■ BRIEF ■
Emit a verbatim copy of the lines below from the line with "FISHING WOMAN PATRIOTIC ANTIQUE POSTCARD" through the line with "Uninflated 22 Inches", excluding pictures and everything outside that range.

■ RECORDS TO USE ■

Start of Block

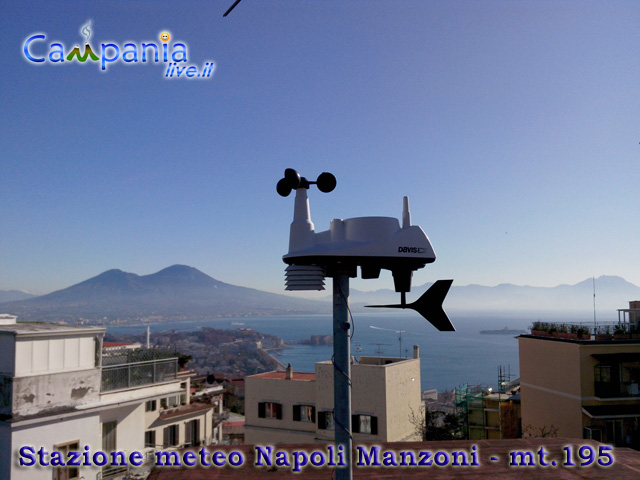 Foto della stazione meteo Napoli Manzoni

End of Block
Start of Block

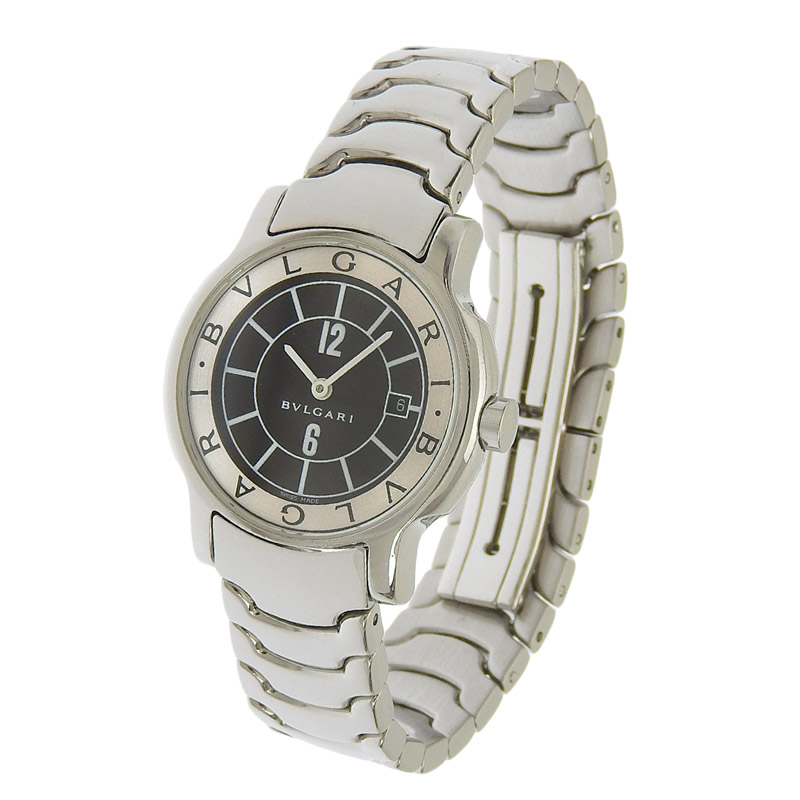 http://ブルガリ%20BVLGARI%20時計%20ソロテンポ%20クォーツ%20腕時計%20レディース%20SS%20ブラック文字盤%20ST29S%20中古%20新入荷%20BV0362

End of Block
Start of Block

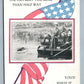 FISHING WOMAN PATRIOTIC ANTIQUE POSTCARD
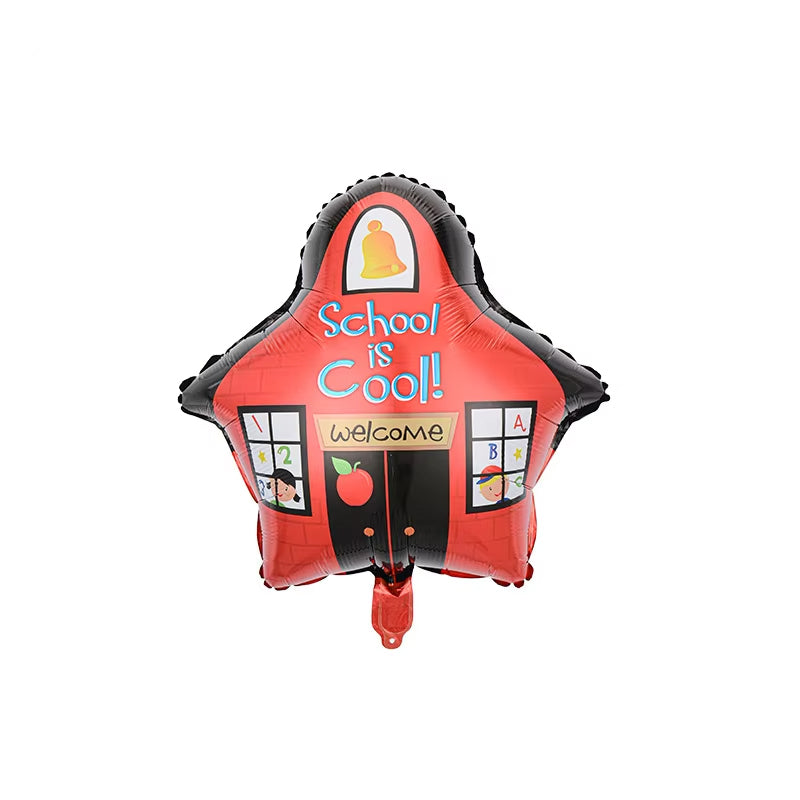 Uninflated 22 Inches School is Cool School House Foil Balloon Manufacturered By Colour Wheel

End of Block

■ RESULT OF THE TASK ■
 FISHING WOMAN PATRIOTIC ANTIQUE POSTCARD
 Uninflated 22 Inches School is Cool School House Foil Balloon Manufacturered By Colour Wheel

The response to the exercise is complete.